Reentrancy Vulnerability Scope Expanded

Overview

Late last year the ChainSecurity team reported a vulnerability via Immunefi involving read-only reentrancy that we thought might render getRate() and related functions manipulable, and thus unsafe to use in many contexts.

Upon further investigation, we realized it actually applied to a broader class of pools (vs. only pools with certain tokens), but it still seemed limited to potential interactions with partner integrations. We didn’t see a way to exploit it directly, so thought it was sufficient to document the potential dangers for integrators.

After the holiday break, looking at the issue with fresh eyes, we realized there was in fact a possible exploit on the pools themselves: albeit a very obscure and inefficient one. Nevertheless, Balancer Labs took immediate measures to reduce the chance of an exploit.

Context

It turns out there were four classes of pools:

A) Pools and pool types that were unaffected.

B) Pools that have unsafe external rate functions, but are not vulnerable on their own.

C) Pools where unsafe view function calls (e.g., getRate) could lead to a DoS attack, but could be mitigated through governance actions, mainly by placing pools into Recovery Mode, which turns off protocol fees and sends the contracts down code paths that are not vulnerable: i.e., they become type B pools.

The Emergency SubDAO multisig acted to place these pools in Recovery Mode. It also disabled the factories that had this feature, so that no new vulnerable pools could be created.

D) Pools where the unsafe rates could lead to loss of funds: mainly, nested Composable Stable pools. These pools could not be mitigated, and could also not be paused, since we are already outside the factory’s pause window.

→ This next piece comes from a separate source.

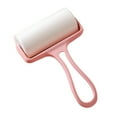 thumbnail image 2 of PATLOLLAV 1 Pcs Lint Roller, Lint Remover for Pet Hair, Dark Clothes, Furniture, and Dusty Surfaces, Picks Up Fur & Fluff in Your Home, Car & Office, 2 of 6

Balancer’s Twitter disclosed the list of affected pools that had liquidity, and asked LPs to withdraw immediately. Also, governance acted to kill the associated gauges.

Affected Contracts

Stable Pool
Phantom Stable Pool
Linear Pool (V3)
Composable Stable Pool (V1, V2)
Weighted Pool (V2)
Managed Pool

Vulnerability Brief

The Balancer Vault is non-reentrant, meaning you cannot initiate a Vault interaction if you are already in the context of another: i.e., you cannot swap inside a join, or exit a pool and transfer internal balance in the same interaction.

Of course, that doesn’t mean you can’t call the Vault at all during an operation. Read-only reentrancy occurs when a contract calls a view (read-only) function on the Vault. This is generally perfectly safe, since by definition view functions cannot modify contract state: and you can’t get up to much mischief without modifying state.

Pool contracts are also non-reentrant for the most part, and likewise internally safe. However, there is no way to automatically enforce a reentrancy scope that encompasses both the Vault and pools: especially when pools are nested inside each other.

It is possible, then, for read-only reentrancy to result in pools receiving stale data during joins and exits, and then using it to update pool state, in such a way as to cause incorrect behavior on subsequent operations.

In a nutshell, the vulnerability arises from the fact that the total supply (which is updated in the pool code), and the balances (updated in the Vault) can get out of sync in certain circumstances. Calling the Vault from an outside contract - which succeeds because it’s outside the Vault reentrancy context - can mislead the pools into updating their own state in ways that can be exploited. For instance, they can cause exorbitant protocol fees to be paid, or maliciously update caches to manipulate rates, making it possible to extract value from the pool via incorrect pricing: i.e., tricking pools into making bad trades.

In _onJoinOrExit note that the _callPoolBalanceChange function (which processes token transfers) is called before the set balance functions, which update the pool accounting. _callPoolBalanceChange calls _processJoinPoolTransfers, which calls _handleRemainingEth unconditionally: effectively making every token a callback token, since if you send any unused ETH in a join, it will be returned to the caller. If this caller is a malicious attacker contract, it can define a fallback function that calls into the pool and updates state: for instance, the token rate cache. Since (in the case of affected pools) this happens after the BPT minting but before the token balances are updated in the Vault, the invariant and rate calculations - anything that relies on balances or supply (especially the relationship between them) - will be wrong, and can be manipulated.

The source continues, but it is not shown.